Research facilitation is one of a museum’s principle services. The Jyväskylä Art Museum focuses on research related specifically to Central Finnish artists or to Central Finnish visual art in general. The museum acts as an information source, a communicator and promoter of research material for the public through exhibitions, books, internet publications, lectures as well as through guided tours and other public relations activities.

The museum’s research strategy for the years 2007–2015 was completed at the end of 2006. The strategy is updated every five years. Our goals include the building of project related networks for scientific research between universities, museums and independent researchers. In particular, the museum has collaborated with the University of Jyväskylä’s department of Music, Art and Culture Studies.

The documentary work executed at the museum, such as artist interviews and the basic information of artworks and artists in database of collections, is known as fundamental research. Research related to the conservation and preservation of artwork is obtained through a purchased service because the Jyväskylä Art Museum does not have their own art conservator on premises. Visitor research is surveyed at least once every year.

The museum maintains and accumulates a collection of artworks, photos and documentation materials, newspaper articles, and a library specifically for research material use. The databases and archives are used by the museum’s own personnel, as well as by individual researchers and thesis writers. Activities and events organized by the museum have also been important research subjects.
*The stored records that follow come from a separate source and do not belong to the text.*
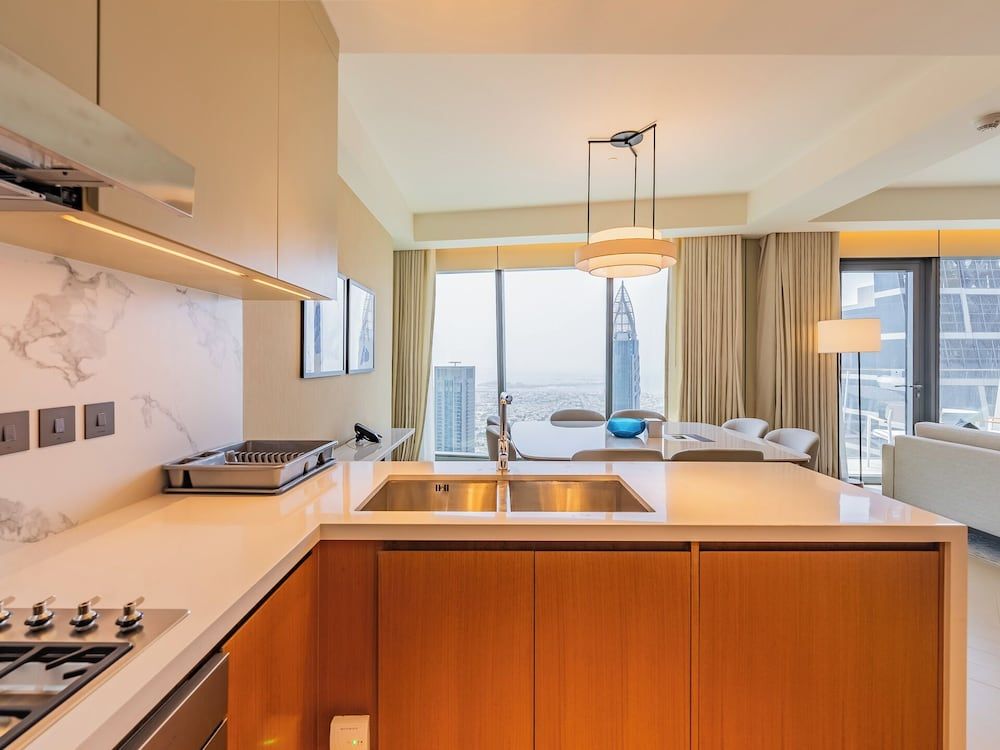 Elegant Apt with Prime Burj Khalifa View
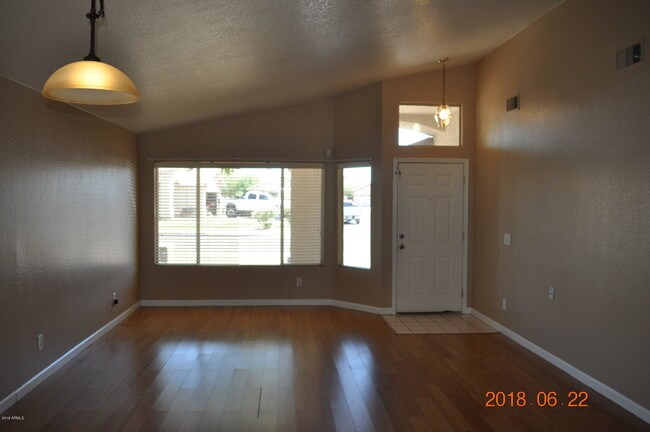 Building Photo - 8544 W Cherry Hills Dr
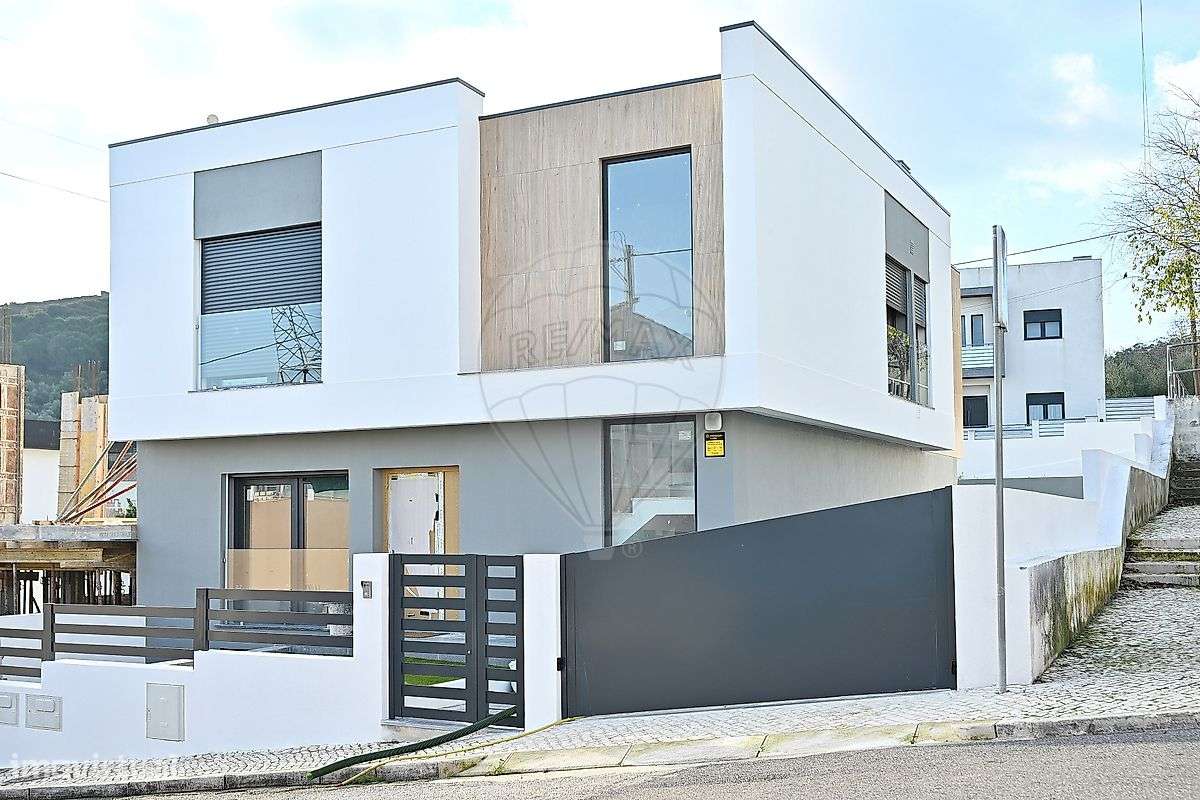 Moradia T4 para venda - Grande imagem: 4/39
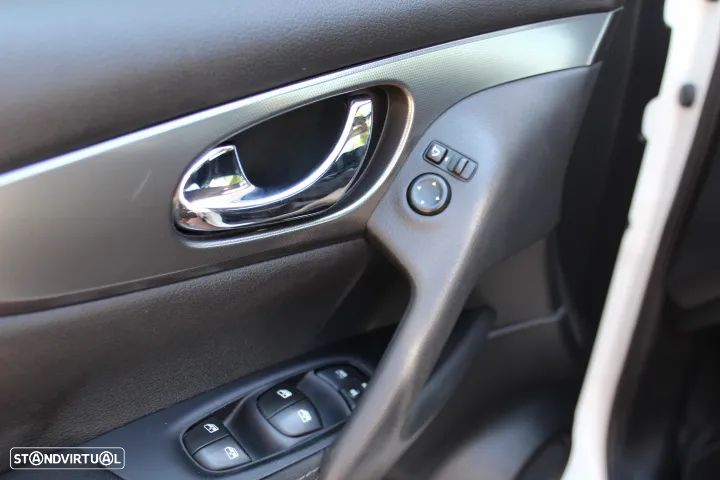 Nissan Qashqai 1.5 dCi Tekna - 24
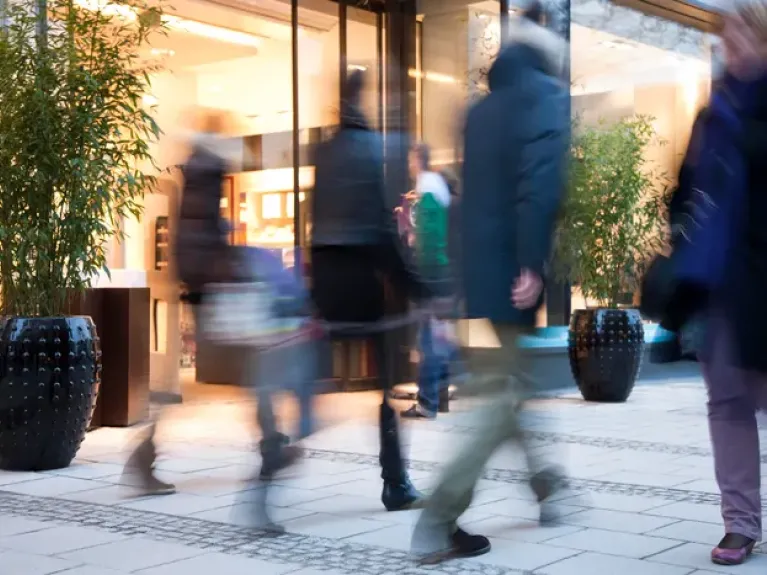 people shopping in the winter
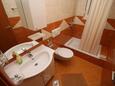 Baška Voda, Badezimmer in folgender Unterkunftsart studio-apartment, WiFi.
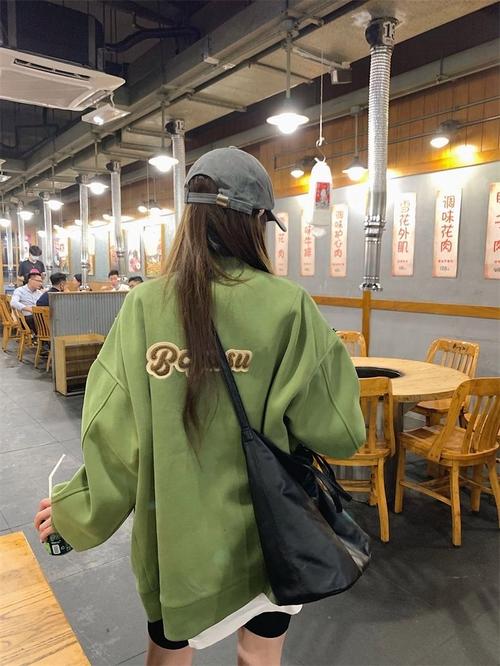 绿色外套配什么鞋子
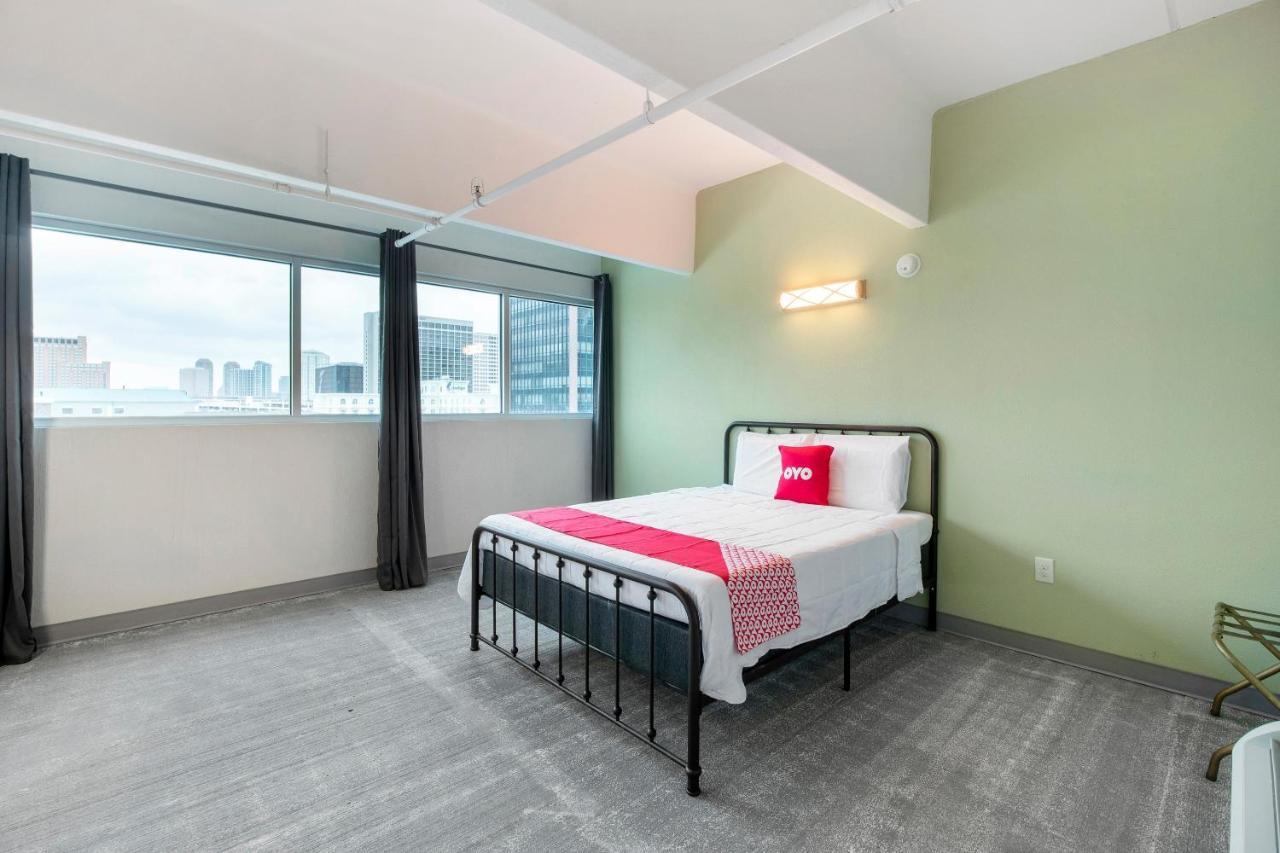 Oyo Hotel & Apartments Houston Galleria Extérieur photo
For more information: head curator Tiina Koivulahti, tiina.koivulahti(at)

Research Projects

Uuno Alanko – searcher of truth and beauty
Uuno Alanko (1878–1964), was known as Uno Alanco until 1925, and was an independent and controversial artist, but also a significant artistic influencer of his time. He was an engineer, architect and painter who enjoyed a long career as an artist and art teacher. Alanko often painted Central Finnish landscapes, interiors and flora subjects between 1918–1950. 
Yrjö Saarinen’s art and life
This study focuses on the expressionist colourist art of Yrjö Saarinen (1899–1958) who was born in the Jyväskylä region and who painted in both Jyväskylä and Hyvinkää. The web-articles (texts in Finnish only) look at Saarinen’s life and artistry, his use of colour and his role in the Finnish art scene in the 1930–1950s. 

Contemporary art of Central Finland
The subject of this study was related to landscape, nature and cultural environments in contemporary art of Central Finland (1975–2017). The results of this research produced several articles and 48 presentations of artwork in the on-line exhibition space Maisema, ympäristö ja luonnos -verkkonäyttelyyn (Landscape, environment and sketches – an on-line exhibition), which was a joint collaboration between the Jyväskylä Art Museum, the Museum of Central Finland and the Finnish Craft Museum. Contemporary art dismantles and reinforces two aspects of the landscape concept: on one hand it attempts to approach an immediate sensorial experience and on the other, to ponder the cultural nature and depiction of landscape. 

Art in the 1970–1990
The subject of this study was Finnish art in the 1970s –1990s as well as how art in the Central Finnish area is visible in writings about domestic art.  This research project and webpage are part of the Jyväskylä city art collection exhibition, What Does Time Look Like. 

One Hundred Years, A Thousand Meanings, 2016–2017
The One Hundred Years, A Thousand Meanings research project and exhibition presented significant Finnish art through different interpretations. The Association of Finnish Fine Arts Foundation’s member’s collection, of approximately 14 000 artworks, served as the material base for this project. From this collection, 73 artworks were chosen as subjects of research. These subjects were paintings, sculptures, photographs, prints, arts and crafts from the late 19th century up until the 2010s.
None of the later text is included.